US 12,238,218 B2
Systems and methods for privacy-enabled biometric processing
Scott Edward Streit, Woodbine, MD (US)
Assigned to Private Identity LLC, Potomac, MD (US)
Filed by Private Identity LLC, Potomac, MD (US)
Filed on May 5, 2023, as Appl. No. 18/312,887.
Application 18/312,887 is a continuation of application No. 17/838,643, filed on Jun. 13, 2022, granted, now 11,677,559.
Application 17/838,643 is a continuation of application No. 16/933,428, filed on Jul. 20, 2020, granted, now 11,362,831.
Application 16/933,428 is a continuation of application No. 15/914,942, filed on Mar. 7, 2018, granted, now 10,721,070.
Prior Publication US 2024/0048389 A1, Feb. 8, 2024
This patent is subject to a terminal disclaimer.
Int. Cl. H04L 29/06 (2006.01); G06F 21/32 (2013.01); G06N 3/08 (2023.01); H04L 9/00 (2022.01); H04L 9/32 (2006.01)
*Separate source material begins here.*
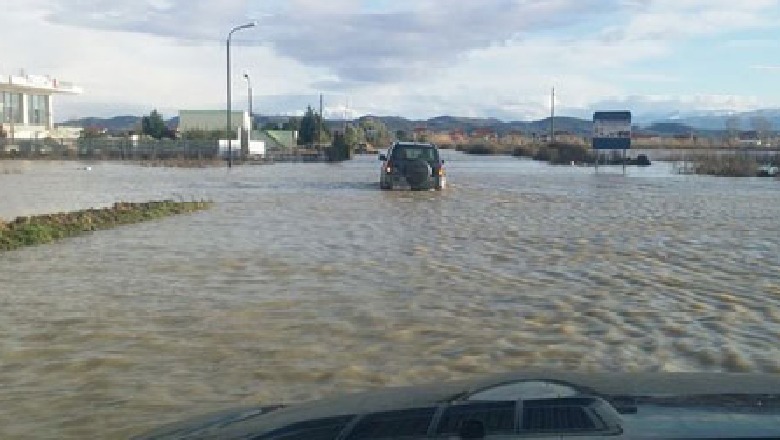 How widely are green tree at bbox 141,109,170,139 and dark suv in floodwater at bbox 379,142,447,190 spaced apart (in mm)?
75075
CPC H04L 9/3231 (2013.01) [G06F 21/32 (2013.01); G06N 3/08 (2013.01); H04L 9/008 (2013.01)] 21 Claims
OG exemplary drawing
 
1. A privacy-enabled biometric system comprising:
at least one processor operatively connected to a memory, wherein the at least one processor when executing is configured to;
instantiate a respective member of a first operative pairing of neural networks, the first operative pairing including at least one generation neural network and at least one classification neural network;
wherein the respective member of the first operative pairing of neural networks comprises the at least one classification neural network configured to:
accept as an input distance measurable encrypted feature vectors, the distance measurable encrypted feature vectors generated as a one way encoding of plain text authentication information input to at least one first neural network, wherein the at least one classification neural network is trained on distance measurable encrypted feature vector and respective label inputs; and
predict a match to a label for identification, authentication, or to return unknown responsive to input of at least one distance measurable encrypted feature vector produced by the at least one first neural network.